%%
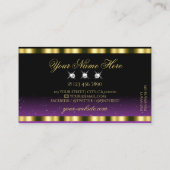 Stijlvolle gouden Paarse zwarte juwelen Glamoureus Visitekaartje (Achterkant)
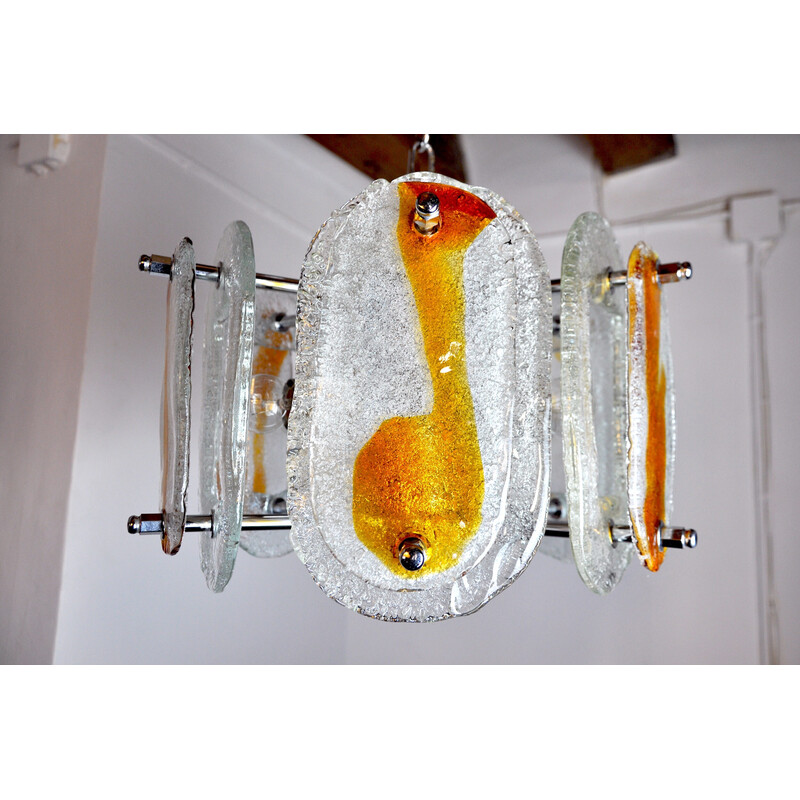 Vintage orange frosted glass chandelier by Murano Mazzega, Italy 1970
%%
%%
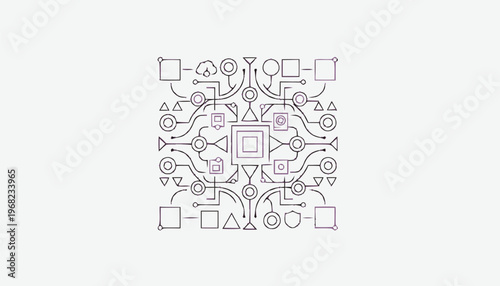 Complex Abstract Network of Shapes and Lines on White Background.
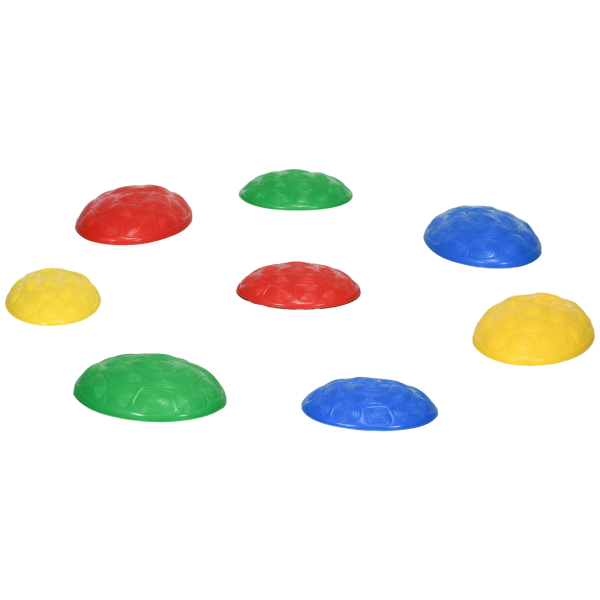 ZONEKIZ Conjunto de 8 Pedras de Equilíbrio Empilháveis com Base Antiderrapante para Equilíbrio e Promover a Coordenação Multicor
%%
(PROBLEM DESCRIPTION): The stretch above running from the line with "Stijlvolle gouden Paarse" through the line with "Vintage orange frosted" is all you should copy, exactly, leaving out the pictures.

(SOLUTION TO THIS EXERCISE):
 Stijlvolle gouden Paarse zwarte juwelen Glamoureus Visitekaartje (Achterkant)
 Vintage orange frosted glass chandelier by Murano Mazzega, Italy 1970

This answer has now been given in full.